But the culling campaign is making animal protection groups like the Cat Welfare Society, Action for Singapore Dogs and the Society for the Prevention of Cruelty to Animals see red.

At a joint press conference, they pointed out that the culling campaign contradicted the AVA's own Stray Cat Rehabilitation Scheme, a sterilisation programme started in 1998, which the groups had devoted time, money and energy to help carry out.

The Cat Welfare Society, for example, had spent $60,000 so far, money from donors and animal lovers, to sterilise about 5,000 cats.

The groups argued that sterilisation was a more humane and effective method of controlling the stray population. Left unsterilised, cats which escaped the dragnet would breed even more quickly as they would have more food and space to do so.

Madam Foo Wei Fong, 36, a shop assistant who is a Cat Welfare Society volunteer, said she had brought a stray to the AVA for sterilisation on Wednesday and was turned away.

'We are all very puzzled and scared.

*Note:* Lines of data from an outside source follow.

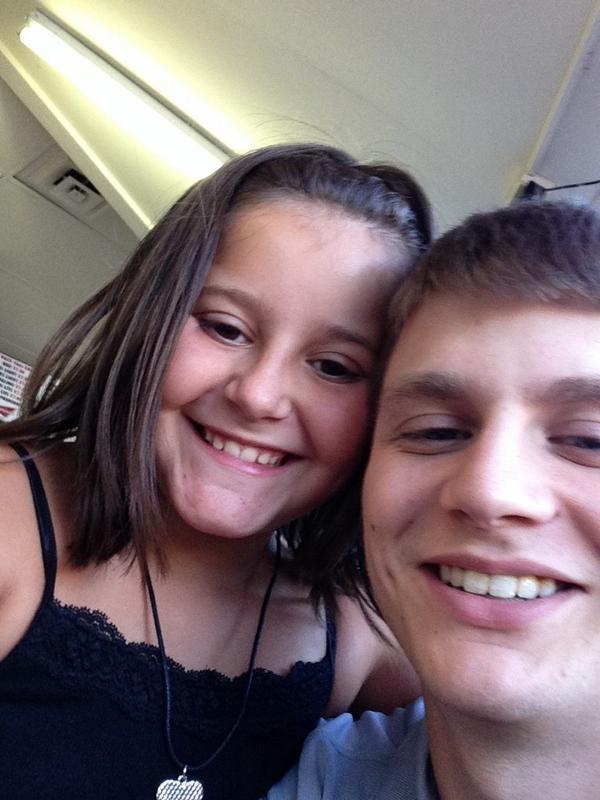 cheerlanding's tweet photo. Me and my furture bother in law http://t.co/wxBTXgy4IZ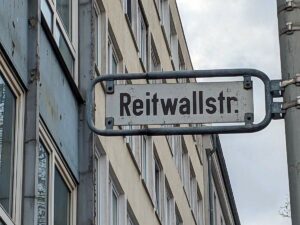 Reitwallstraße (Straßenschild)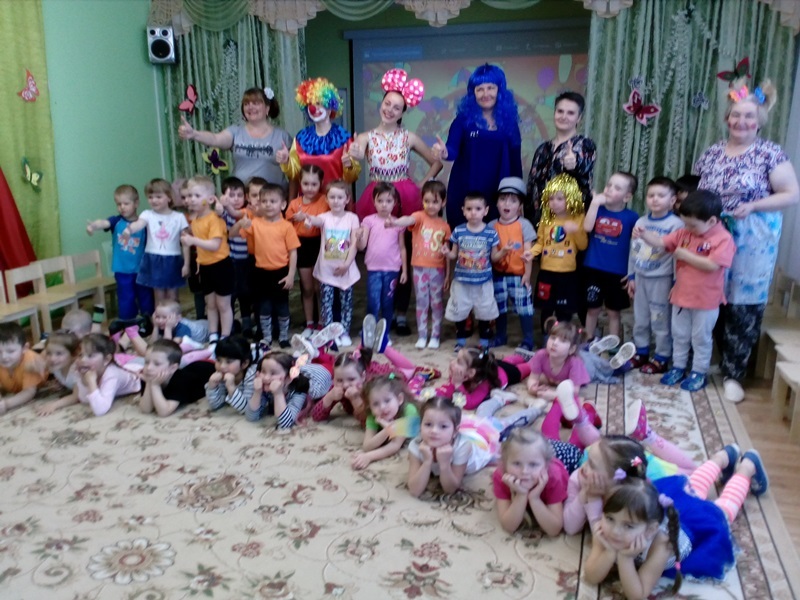 День смеха.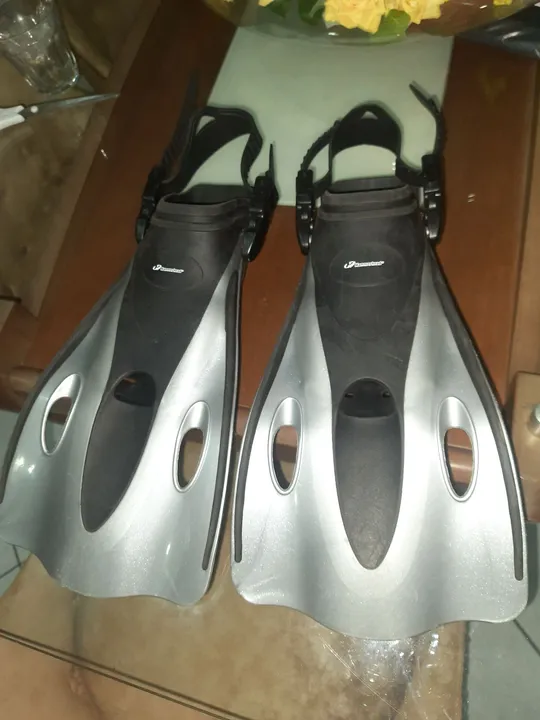 Nadadeiras Pé de Pato Hammerhead Silicone Premium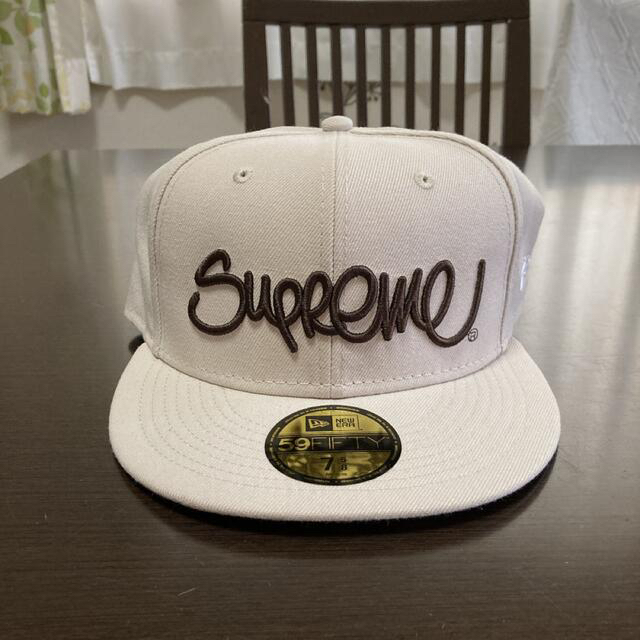 Supreme(シュプリーム)のsupreme Handstyle New Era ストーン  7 5/8 新品 メンズの帽子(キャップ)の商品写真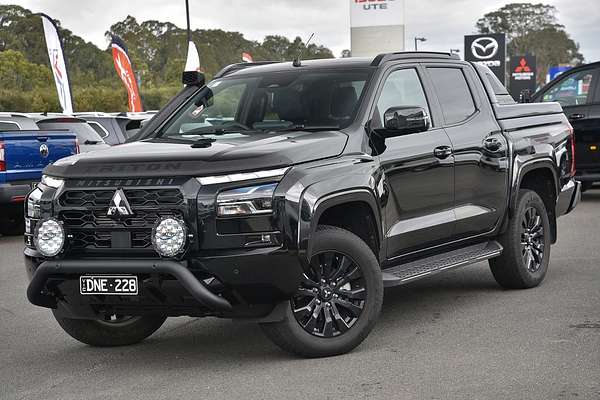 2025 Mitsubishi Triton GSR MV 4X4
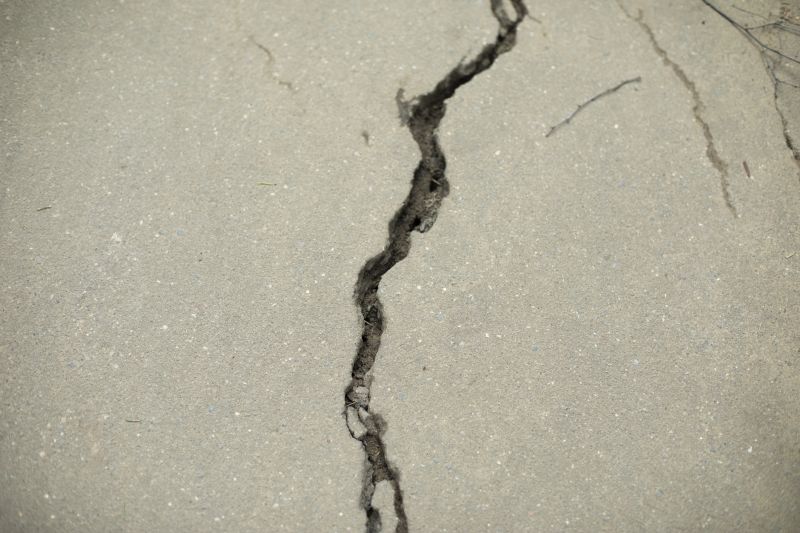 Concrete Crack Sealing in Des Moines, IA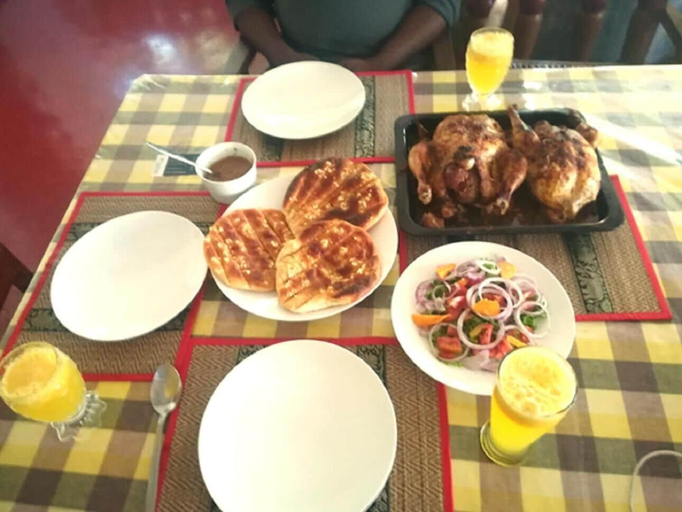 Food & Drinks 5, Mala's Home Stay, Manmunai North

I have had sleepless nights because I heard they were going to cull all the cats,' she said.

The AVA confirmed that the sterilisation programme has been put on hold - as it contradicts the current public hygiene programme of removing cats from the streets altogether.

The animal lovers are not giving up.

Said the Cat Welfare Society's president, Dr Lynn Yeo: 'We regret that the Government has decided upon such extreme measures and are disappointed that animal welfare organisations were not informed nor consulted over such a drastic action that involves the lives of thousands of stray animals in Singapore.